Ariel quitte l’océan pour rejoindre la marre aux canards
Déménagement bouclé, le départ de Paris s’est accompagné d’une fin de contrat. D’un coup, j’ai migré d’un emploi dans la capitale française à un chômage dans une technopole désuète. Un changement radical pour Ariel, le sosie qui m’avait été attribué par mes collègues, désormais déportée dans une petite marre sans fond. Avec une collection de ronds points superflus, on y tourne en rond comme les canards.
La mélodie d’Austerlitz
Le vrai départ de Paris s’est fait quelques jours après avoir rendu les clés. Emportant mes dernières affaires dans quelques sacs, j’ai rejoint la Gare de Lyon un peu au hasard sans réservation. Les trains restants étaient déjà complets. Arrivée au bout d’un trajet épique, l’idée de refaire la balade en sens inverse chargée comme j’étais ne m’inspirait pas le plus grand enthousiasme. En voyant qu’un train de nuit était disponible au départ de la Gare d’Austerlitz, mon choix était tout fait. Prenant l’ensemble de mon paquetage, je me suis dirigée vers la gare jumelle à pied. Aussi efficace ou plus que de chercher une alternative en transports en commun, et approprié pour tuer le temps.

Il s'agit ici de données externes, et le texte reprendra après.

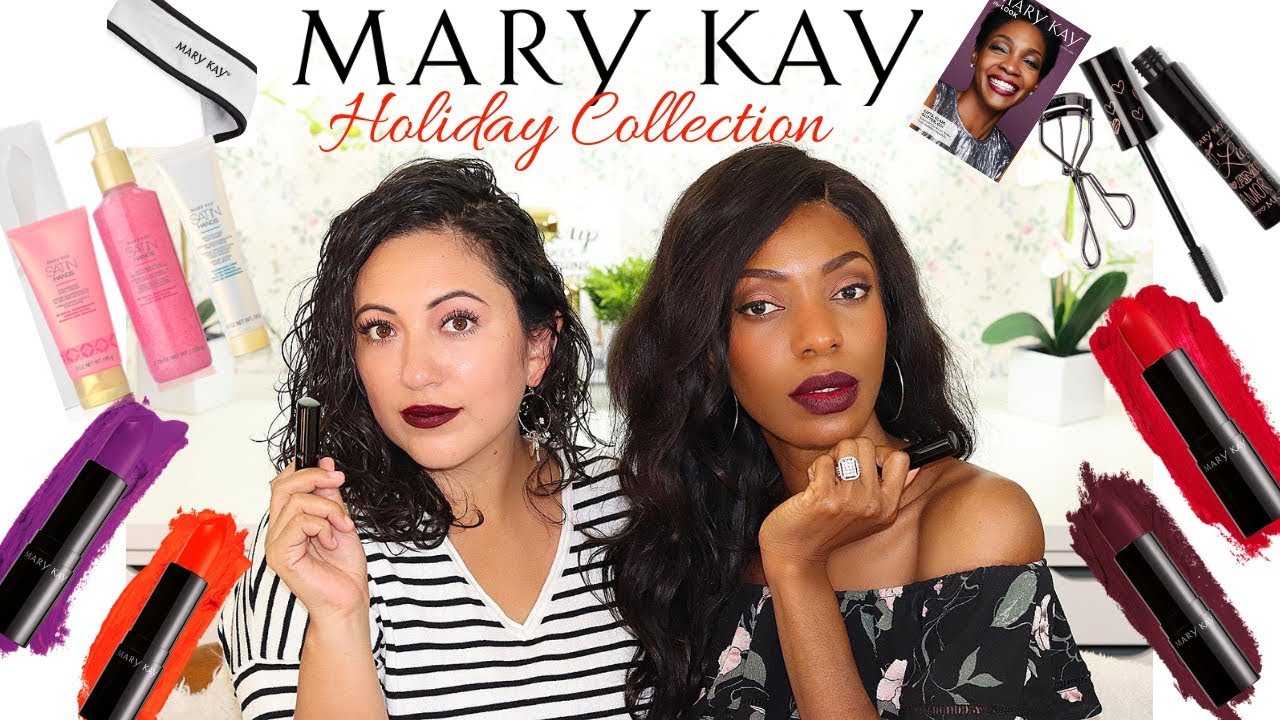 NEW Mary Kay Holiday 2018 Collection Review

Le train de nuit ne partait que plusieurs heures plus tard. Heureusement, j’avais conservé une réserve de magazines de mes derniers voyages en train.
Arrivée à Austerlitz, une certaine magie s’est diffusée. Assise dans cette gare typiquement parisienne, j’ai entendu jouer le générique de fin de ma vie à Paris. A quelques mètres de moi, se trouvait l’un des pianos mis à la disposition des voyageurs. Par chance, plusieurs musiciens s’y sont succédés, me permettant ainsi de profiter de magnifiques mélodies au piano à un moment des plus symboliques. Vivant mes derniers instants à Paris, ces morceaux m’ont servi de musique de fin.